Die Nacht mit Matthias hatte wieder nur Angst zurückgelassen und der anonyme Brief hatte sie verstört. Eigentlich wollte sie sich nur noch zu Hause verkriechen, um nachzudenken. Aber ein Nein ließ Irene nicht gelten und ihr fehlte ganz einfach die Kraft dazu, der bestimmenden Energie ihrer neuen Freundin eine Absage entgegenzusetzen. Ob Irene von der destruktiven Anlage ihres Bruders etwas wusste?
Sie ließ ihr Auto an und überlegte, wann sie wohl mit einigem Anstand und dem Verweis auf Kopfschmerzen gehen konnte. Aus purer Gewohnheit legte sie eine neue CD ein, doch die Klänge von Mozarts heiterem dritten Violinkonzert verstärkten ihre Nervosität eher noch. Anne drehte die Musik ab und fühlte sich jetzt völlig isoliert, fernab jeder menschlichen Nähe. Ein irrationales Gefühl, gestand sie sich ein – und wahrscheinlich nur auf den dichten Nebel zurückzuführen.
Die Straße wurde jetzt enger. Hatte sie die Abzweigung verpasst? Sie fand sich plötzlich auf der Landstraße wieder und konnte gerade noch rechtzeitig eine Linkskurve ausmachen und das Steuer herumreißen. Scheinwerfer kamen geradewegs auf sie zu und sie lenkte buchstäblich in letzter Sekunde nach rechts. Lebensgefährlich, was sie da trieb, dachte sie. Der Nebel schluckte jeden Laut und sie hatte jetzt völlig die Orientierung verloren. Irgendwo musste sie doch wenden können. Sie befand sich offenbar auf der Straße nach Bad Königshofen.

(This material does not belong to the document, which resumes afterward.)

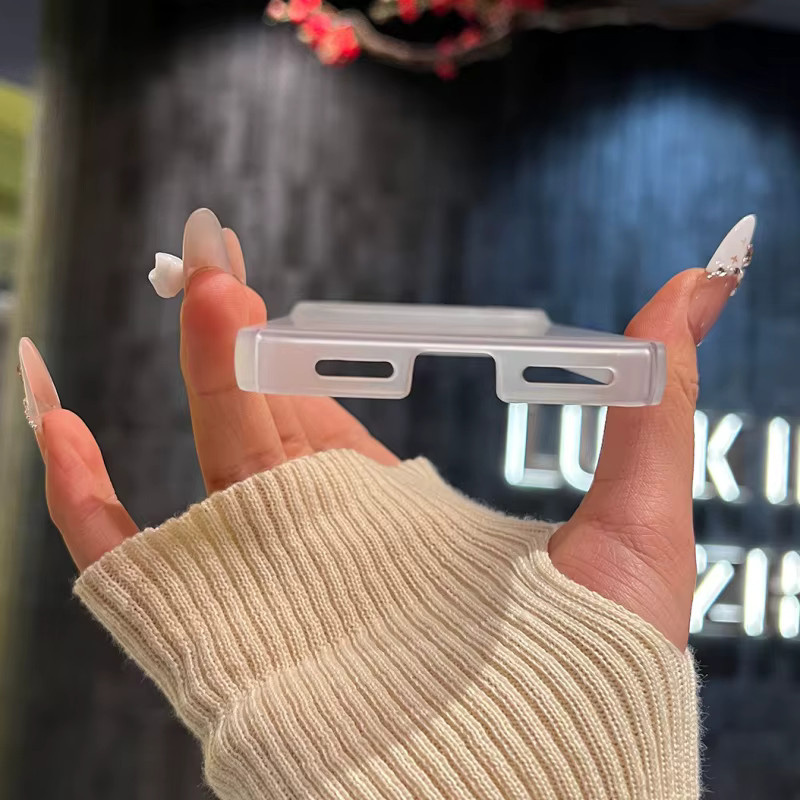 MagSafe Ultradünne Hülle für Google Pixel 10 8 7 6 Pro, rahmenlos, stoßfest, matt und magnetisch, Schwarz oder Weiß - Bild 2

Von hinten näherte sich ein Wagen. Sie würde abbremsen und den Fahrer überholen lassen, so könnte sie sich wenigstens bis Üchtelhausen an den Wagen anhängen. Sie fuhr nur noch etwa 30 Stundenkilometer, und der Fahrer war fast auf ihr Auto aufgefahren, bevor er zum Überholen ansetzte. Anne meinte fast zu hören, wie er „Idiot“ oder eine andere Schmeichelei dieser Art ausstieß.

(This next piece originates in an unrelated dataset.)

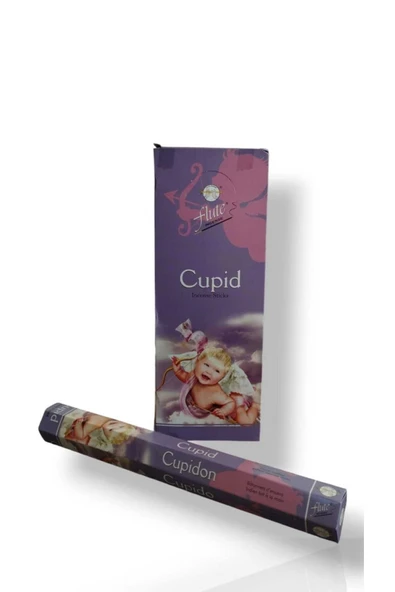 FLUTE Cupid Tütsü 6x20 - Resim 2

Sie bremste noch etwas weiter ab, aber der Fahrer überholte nicht. Er blieb lediglich dicht hinter ihr und kam immer näher. Er musste ebenso schlecht sehen wie sie, dachte Anne und ihr Herz klopfte bei dem Gedanken, dass sie womöglich einen Unfall provoziert hatte. Sie ahnte schon den unvermeidlichen Zusammenprall, als sich der PKW wieder zurückfallen ließ, um dasselbe Manöver zu wiederholen. Ihr wurde fast schlecht, als sich nicht mehr verdrängen ließ, dass der Fahrer hinter ihr all dies mit Absicht tat. Wollte er sie in den Straßengraben drängen? Sie konnte den Gedankengang nicht beenden, ohne einen Panikanfall zu provozieren. Ganz ruhig befahl sie sich – doch der Fahrer attackierte sie von Neuem, und wieder und wieder. Sie gab Gas und hörte, dass ihr Handy klingelte. Wenn sie doch ihr Mobiltelefon nur zu fassen bekäme, aber mit einer Hand in ihrer Tasche zu suchen, war zu riskant. Wie eine Rettungsinsel sah Anne plötzlich die Abzweigung nach Weipoltshausen mit dem aufgelassenen Parkplatz auf der linken Seite auftauchen. Sie bremste, bog nach links ab und holperte über einen Laubhaufen, bis sie auf dem Schotter des Waldparkplatzes zum Stehen kam. Gehetzt schaute sie zurück – das fremde Fahrzeug war verschwunden.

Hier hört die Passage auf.